Son günlerde medyadaki çürümeyi izlemekteyiz.

Lakin infaz edilen sadece kadın olmakta.

Erkek hele zengin ve güç sahibiyse elini kolunu sallayarak dolaşmakta. Herkes destek vermekte.

Kulüp başkanı zatı ziyaretler, taraftar alkışları sanki adam zina yapmamış, uyuşturucuyla ilgilenmemiş gibi toplum toz kondurmuyor.

Lakin kadın spiker öyle değil.

Müstehcen mesajlarını yayınladılar, linç ettiler.

Kulüp başkanının “itibarı ile oynadılar”, ağıtları yakıldı,

Adam yurtdışından ifadeye koşarak geldi serenatları yapıldı.

Fakat kadın spiker, günahın yükünü çekmeye tek başına götürüldü.

İkiyüzlü düzen, kirli sistem maalesef böyle işlemekte.

Güç sahibi erkeğe daha korumacı.

Yıllar önce benzer bir olay daha yaşanmıştı.

Yine korunaklı erkek karşısında kadının uğradığı yıkım hakkında bir yazı yazmıştım;

“Savcı ve şarkıcı”

O dönemin ünlü 28 Şubat savcısı, fırtınalar estiren Vural Savaş.

Yine dönemin ünlü şarkıcısının sahne aldığı mekâna gider. Bir grup arkadaşıyla derin sohbettedir savcı. Şarkıcı Harika Avcı da, savcının masasına gitmek ister.

Bir anda savcının korumaları teyakkuza geçer, sarkıcıyı sert şekilde savcının yanından itekleyerek uzaklaştırırlar.

Oysa şarkıcı, savcıya bir şeyler söylemek için masasına yaklaşmak istemiştir: “Sayın savcım siz böyle can siperane irticaya karşı laikliği savunduğunuz için biz özgürce sanatımızı icra edebilmekteyiz.”

Savcı güç odağıdır, kutsanmıştır, şarkıcı yoksul halk kesiminden kadındır, korumalar elbet sert davranacaktır.

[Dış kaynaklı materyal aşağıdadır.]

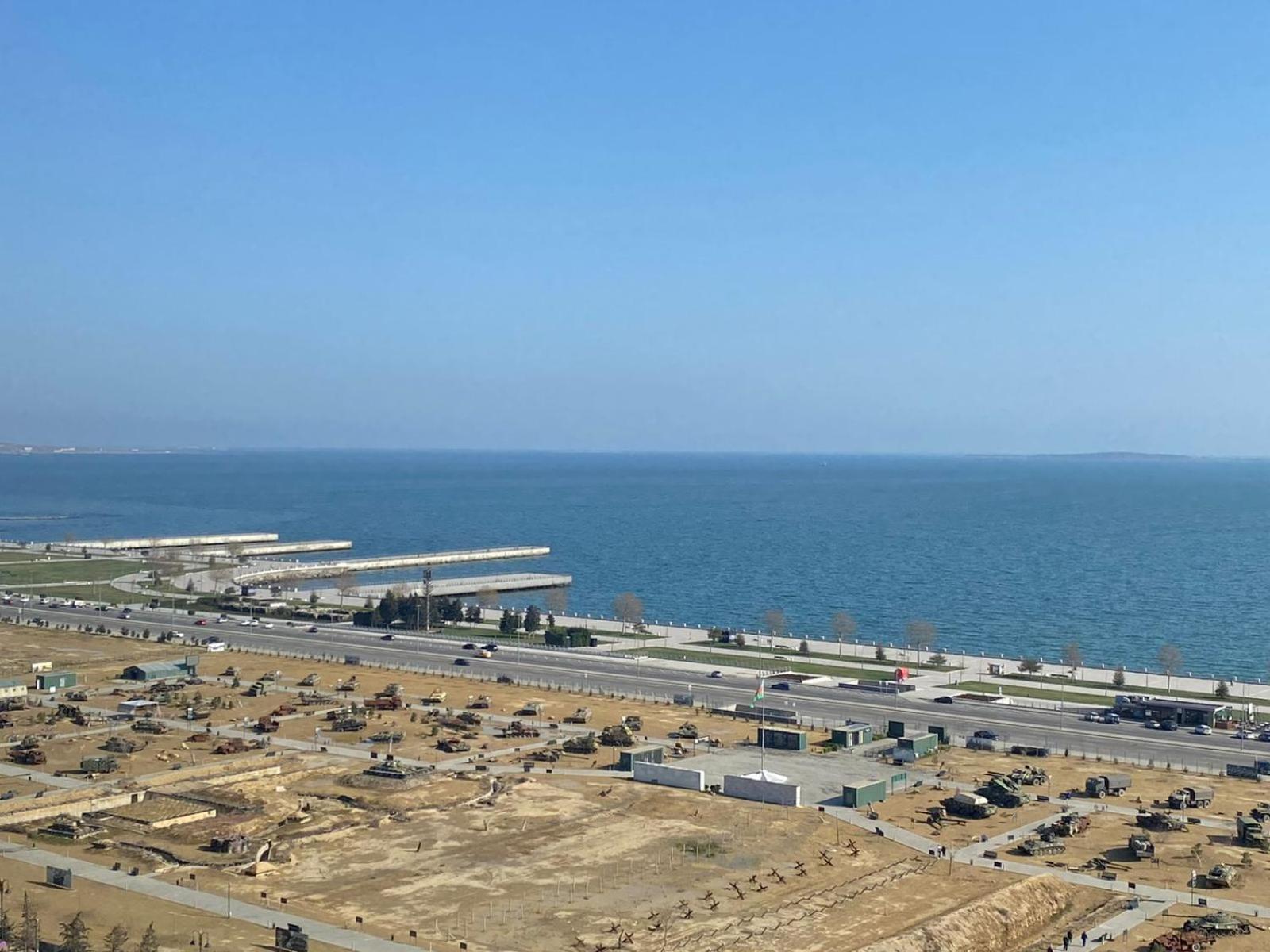 Sea View Couple Apartmant At Boulvard,Near Nizami Street Baku Exterior photo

Otuz yıl sonra medya, yayıncılık, turizm, havacılık sektörlerinde imparator zengin kulüp başkanını kutsayan, itibar suikastı gören siyasiler, gazeteciler, “Hayatımda bir kez bile kullanmadım” lafına inandı fakat kokain kullandığı Adli Tıp Kurumu tarafından tespit edildiğinde. Onun özel laboratuvardan sonuç almaya çalışmasını bile hoş gördüler. Mahkeme, adli kontrol şartıyla serbest bıraktı. Bu kadar rahat ve özgür, konforlu konutuna gönderildi.

Adliye önündeki taraftarlar büyük coşku yaşadı, prensi kötü devlerden kurtardılar, cadı da nasılsa hapse atılmıştı.

Özgür Özel de prens hakkında yürütülen uyuşturucu soruşturmasına ilişkin sert konuştu. Soruşturmanın art niyetle yürütüldüğünü savunan Özel, Adalet Bakanlığı’na da çağrıda bulunarak, bu sürecin bir an önce sona erdirilmesi gerektiğini, yaşananları “itibar suikastı” olarak nitelendirdi. Prens tutuklanmadı, serbest kaldı; taraftarından siyasilere, gazetecilere değin binlerce gönüllü avukatı devreye girdi.

Kadın spikeri ise oldukça örselediler. Gazeteciler ailesinin ne kadar üzüleceğini düşünmeden müstehcen yazışmaları ifşa etti. Kendilerinin de kız babası olduğunu unutup mahrem olanı ortaya döktüler. Bir başka gazeteci bonzai bile kullanmış, “Çok kolay ve ucuza temin edilebilen bonzai, düşük gelirli mahallelerdeki ailelerin korkulu rüyası” deyip spikerin geldiği sınıf farkının altını çizdi. Yoksul halk çocuklarının atıldığı ateşin son cadısı değildi spiker, zengin iş adamı kadar şansı olmadı.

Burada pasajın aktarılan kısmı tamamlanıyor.